Locate each line with the string "Bluetooth" in the listing below and copy it.

EXTRACTED DATA:

______________________________

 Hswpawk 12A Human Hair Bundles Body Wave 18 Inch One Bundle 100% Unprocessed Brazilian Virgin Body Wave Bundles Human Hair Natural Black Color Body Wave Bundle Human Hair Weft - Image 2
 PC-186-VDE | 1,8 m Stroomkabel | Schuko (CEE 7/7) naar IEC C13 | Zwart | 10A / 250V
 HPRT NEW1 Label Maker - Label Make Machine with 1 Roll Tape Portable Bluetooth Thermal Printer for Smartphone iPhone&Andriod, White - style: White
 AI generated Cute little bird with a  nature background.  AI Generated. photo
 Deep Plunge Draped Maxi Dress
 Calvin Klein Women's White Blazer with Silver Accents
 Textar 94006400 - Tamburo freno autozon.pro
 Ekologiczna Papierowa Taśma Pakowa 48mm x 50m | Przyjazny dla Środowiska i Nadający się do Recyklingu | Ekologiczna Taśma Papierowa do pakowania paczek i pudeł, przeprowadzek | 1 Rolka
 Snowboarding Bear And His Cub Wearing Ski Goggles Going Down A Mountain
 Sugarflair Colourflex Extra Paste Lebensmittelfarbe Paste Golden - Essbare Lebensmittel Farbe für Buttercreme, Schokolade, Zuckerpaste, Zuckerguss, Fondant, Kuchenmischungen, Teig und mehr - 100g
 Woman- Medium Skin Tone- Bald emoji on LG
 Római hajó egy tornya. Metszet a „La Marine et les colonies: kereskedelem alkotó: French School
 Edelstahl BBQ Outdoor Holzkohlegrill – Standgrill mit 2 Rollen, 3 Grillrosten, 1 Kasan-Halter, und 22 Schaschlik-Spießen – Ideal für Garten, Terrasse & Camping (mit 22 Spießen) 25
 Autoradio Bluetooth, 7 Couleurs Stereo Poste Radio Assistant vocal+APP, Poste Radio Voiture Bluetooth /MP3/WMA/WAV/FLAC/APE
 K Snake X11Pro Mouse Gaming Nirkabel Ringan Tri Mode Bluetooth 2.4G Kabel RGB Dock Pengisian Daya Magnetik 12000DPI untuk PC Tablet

______________________________

RESPONSE AREA:
 HPRT NEW1 Label Maker - Label Make Machine with 1 Roll Tape Portable Bluetooth Thermal Printer for Smartphone iPhone&Andriod, White - style: White
 Autoradio Bluetooth, 7 Couleurs Stereo Poste Radio Assistant vocal+APP, Poste Radio Voiture Bluetooth /MP3/WMA/WAV/FLAC/APE
 K Snake X11Pro Mouse Gaming Nirkabel Ringan Tri Mode Bluetooth 2.4G Kabel RGB Dock Pengisian Daya Magnetik 12000DPI untuk PC Tablet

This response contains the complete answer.